A primeira foi uma verdadeira revolução na área militar, iniciada por seu irmão, al-Mu'tasim. As revoltas constantes e a profunda divisão da sociedade islâmica convenceram al-Ma'mun de que ele necessitava de uma força militar que fosse leal somente a ele. Assim, seu irmão, que mais tarde se tornaria califa (833 d.C - 842 d.C), reuniu uma força militar composta de escravos, chamados de mamelucos. Muitos dos mamelucos eram turcos de origem, e excelentes cavaleiros, mas também havia os de origem bérbere.
Durante o califado de al-Wathiq, o exército, que era composto essencialmente de persas e árabes, tinha sido completamente substituído pelo exército mameluco. A constituição desse exército e a troca de Bagdá por Samarra, provocaram um profundo ressentimento entre os muçulmanos e iria dividir irreparavelmente os vínculos entre o califado e o povo islâmico. Também um novo grupo étnico era introduzido no mundo islâmico, os mamelucos, que, mais tarde, iriam desempenhar um papel fundamental nas disputas de poder durante o Islam medieval.
Mais importante, al-Ma'mun, ao patrocinar o ensino do grego, do sânscrito e do árabe, mudava o perfil cultural e intelectual do Islam. Ele adotou uma posiçção teológica radical, chamada mu'tazilismo, que era olhada como algo meio herético pelos muçulmanos mais ortodoxos. No entanto, o mu'tazilismo tinha como uma de suas crenças básicas, a idéia de que os muçulmanos deveriam obedecer a um único governante. A fim de facilitar os ensinamentos mu'tazilitas, al-Ma'mun criou uma universidade, a Casa da Sabedoria (Baitul Hiqma).

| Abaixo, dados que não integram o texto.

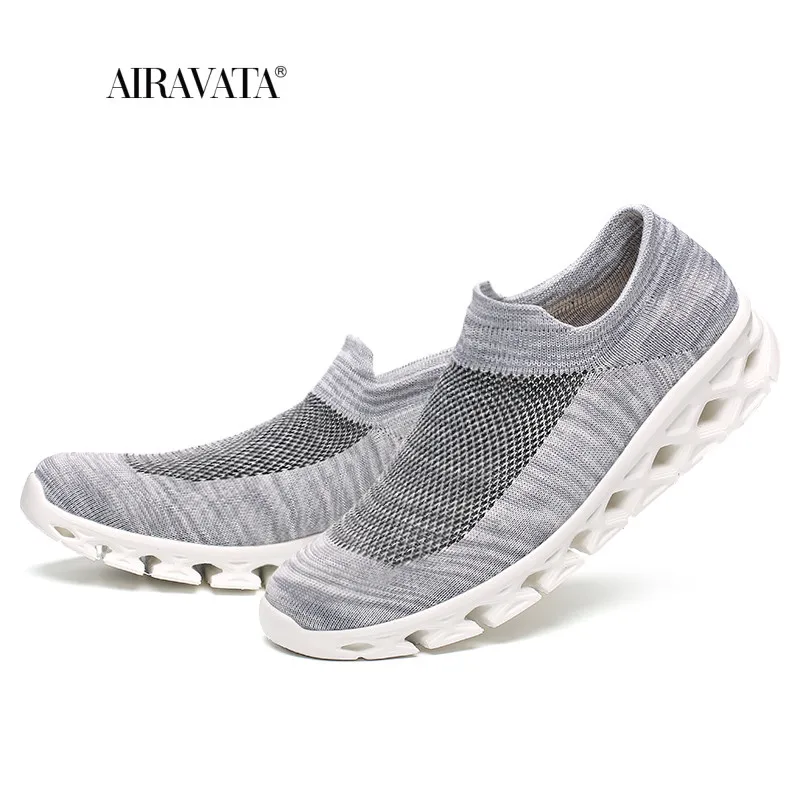Hot Sale Summer New Ultralight Soft Comfortable Casual Shoes Couple Slip on Fitness Unisex Trainers Free Shipping Size 36-46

Foi nesse período que os trabalhos helênicos e hindus, através de uma série de traduções, penetraram a cultura islâmica. O Islam incorporou em sua cultura e crença o método filosófico da indagação, característico do mundo helênico - é por esta razão que filósofos como Platão e Aristóteles passaram para as gerações seguintes, influenciando grandes pensadores muçulmanos. Esta incorporação levou a uma nova prática intelectual baseada nos princípios da pesquisa racional e, até certo ponto, ao empirismo.
Declínio
Depois do califado de al-Mu'tasim e de seu filho al-Wathiq (842 d.C - 847 d.C), o poder central do califado declinou. Em 945 d.C, a região em volta do Iraque caiu sob o domínio da dinastia dos emires, a dinastia dos Buyidas. Os abássidas permaneceram como califas até 1030 d.C, mas apenas como figuras decorativas.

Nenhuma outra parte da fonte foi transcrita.